Discontinued operations. For the six months ended June 30, 2023 and 2022, we recorded a loss from discontinued operations of $0 and $35,542, respectively.
Net income (loss). As a result of the cumulative effect of the factors described above, our net income was $800,087 for the six months ended June 30, 2023, as compared to net loss of $1,624,280 for the six months ended June 30, 2022, an increase of $2,424,367, or 149.26%.
Liquidity and Capital Resources
As of June 30, 2023, we had $411,209 in cash. To date, we have financed our operations primarily through revenue generated from operations, sales of securities, advances from stockholders and third-party and related party debt.
We believe, based on our operating plan, that current working capital and current and expected additional financing should be sufficient to fund operations and satisfy our obligations as they come due for at least one year from the financial statement issuance date. However, additional funds from new financing and/or future equity raises are required for continued operations and to execute our business plan and our strategy of acquiring additional businesses. The funds required to sustain operations ranges between $600,000 to $1 million and additional funds execute our business plan will depend on the size, capital structure and purchase price consideration that the seller of a target business deems acceptable in a given transaction. The amount of funds needed to execute our business plan also depends on what portion of the purchase price of a target business the seller of that business is willing to take in the form of seller notes or our equity or equity in one of our subsidiaries. Given these factors, we believe that the amount of outside additional capital necessary to execute our business plan on the low end (assuming target company sellers accept a significant portion of the purchase price in the form of seller notes or our equity or equity in one of our subsidiaries) ranges between $5 million to $7 million. If, and to the extent, that sellers are unwilling to accept a significant portion of the purchase price in seller notes and equity, then the cash required to execute our business plan could be as much as $10 million.

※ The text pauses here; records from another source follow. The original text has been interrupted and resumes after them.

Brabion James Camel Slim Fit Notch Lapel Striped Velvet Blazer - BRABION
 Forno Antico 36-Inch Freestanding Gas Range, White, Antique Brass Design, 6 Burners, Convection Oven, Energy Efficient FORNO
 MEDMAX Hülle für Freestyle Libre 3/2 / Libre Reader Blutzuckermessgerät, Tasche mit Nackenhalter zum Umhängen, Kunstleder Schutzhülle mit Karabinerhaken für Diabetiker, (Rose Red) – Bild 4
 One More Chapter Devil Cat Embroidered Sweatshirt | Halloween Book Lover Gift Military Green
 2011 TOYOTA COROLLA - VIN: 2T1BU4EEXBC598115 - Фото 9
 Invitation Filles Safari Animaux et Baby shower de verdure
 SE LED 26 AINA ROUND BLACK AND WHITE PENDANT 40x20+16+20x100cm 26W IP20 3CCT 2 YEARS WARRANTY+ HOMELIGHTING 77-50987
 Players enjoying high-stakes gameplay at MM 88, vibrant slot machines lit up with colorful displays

We intend to raise capital for additional acquisitions primarily through equity and debt financing. The sale of additional equity securities could result in dilution to our stockholders. The incurrence of indebtedness would result in increased debt service obligations and could require us to agree to operating and financial covenants that would restrict our operations. Financing may not be available in amounts or on terms acceptable to us, if at all. There is no guarantee that we will be able to acquire additional businesses under the terms outlined above.
Summary of Cash Flow
The following table provides detailed information about our net cash flow for the six months ended June 30, 2023 and 2022.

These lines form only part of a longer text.